▶ Data supplied
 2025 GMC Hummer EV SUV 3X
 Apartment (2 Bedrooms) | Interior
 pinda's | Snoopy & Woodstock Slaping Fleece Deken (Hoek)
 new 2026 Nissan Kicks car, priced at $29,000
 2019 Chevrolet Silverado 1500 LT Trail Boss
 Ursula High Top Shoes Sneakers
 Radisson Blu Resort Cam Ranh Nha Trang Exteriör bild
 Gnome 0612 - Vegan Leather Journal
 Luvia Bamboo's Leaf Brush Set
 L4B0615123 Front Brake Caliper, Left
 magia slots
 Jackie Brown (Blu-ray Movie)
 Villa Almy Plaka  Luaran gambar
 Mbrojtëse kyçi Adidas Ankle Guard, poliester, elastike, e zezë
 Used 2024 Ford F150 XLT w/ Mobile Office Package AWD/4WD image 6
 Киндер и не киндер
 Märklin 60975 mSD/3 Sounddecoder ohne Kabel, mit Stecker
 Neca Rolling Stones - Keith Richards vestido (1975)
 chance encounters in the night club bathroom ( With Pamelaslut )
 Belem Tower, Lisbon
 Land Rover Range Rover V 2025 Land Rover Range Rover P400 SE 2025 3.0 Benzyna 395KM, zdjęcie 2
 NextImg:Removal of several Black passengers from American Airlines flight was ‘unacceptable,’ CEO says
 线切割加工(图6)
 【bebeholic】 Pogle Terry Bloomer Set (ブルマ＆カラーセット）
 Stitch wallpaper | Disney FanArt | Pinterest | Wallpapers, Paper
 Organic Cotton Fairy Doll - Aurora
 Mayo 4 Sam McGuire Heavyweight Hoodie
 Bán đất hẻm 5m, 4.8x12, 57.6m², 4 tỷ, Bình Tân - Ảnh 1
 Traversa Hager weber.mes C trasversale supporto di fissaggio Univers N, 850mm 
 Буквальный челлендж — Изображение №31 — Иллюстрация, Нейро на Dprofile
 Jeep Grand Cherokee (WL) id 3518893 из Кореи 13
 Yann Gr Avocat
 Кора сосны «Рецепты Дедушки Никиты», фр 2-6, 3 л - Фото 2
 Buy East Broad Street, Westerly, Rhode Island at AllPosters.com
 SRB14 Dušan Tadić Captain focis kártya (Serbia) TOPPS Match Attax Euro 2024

▶ Required work
Beginning at the line where "chance encounters in" appears, extract each line through the end of the data above; keep them exact and include nothing else.

▶ Answer to the exercise
 chance encounters in the night club bathroom ( With Pamelaslut )
 Belem Tower, Lisbon
 Land Rover Range Rover V 2025 Land Rover Range Rover P400 SE 2025 3.0 Benzyna 395KM, zdjęcie 2
 NextImg:Removal of several Black passengers from American Airlines flight was ‘unacceptable,’ CEO says
 线切割加工(图6)
 【bebeholic】 Pogle Terry Bloomer Set (ブルマ＆カラーセット）
 Stitch wallpaper | Disney FanArt | Pinterest | Wallpapers, Paper
 Organic Cotton Fairy Doll - Aurora
 Mayo 4 Sam McGuire Heavyweight Hoodie
 Bán đất hẻm 5m, 4.8x12, 57.6m², 4 tỷ, Bình Tân - Ảnh 1
 Traversa Hager weber.mes C trasversale supporto di fissaggio Univers N, 850mm 
 Буквальный челлендж — Изображение №31 — Иллюстрация, Нейро на Dprofile
 Jeep Grand Cherokee (WL) id 3518893 из Кореи 13
 Yann Gr Avocat
 Кора сосны «Рецепты Дедушки Никиты», фр 2-6, 3 л - Фото 2
 Buy East Broad Street, Westerly, Rhode Island at AllPosters.com
 SRB14 Dušan Tadić Captain focis kártya (Serbia) TOPPS Match Attax Euro 2024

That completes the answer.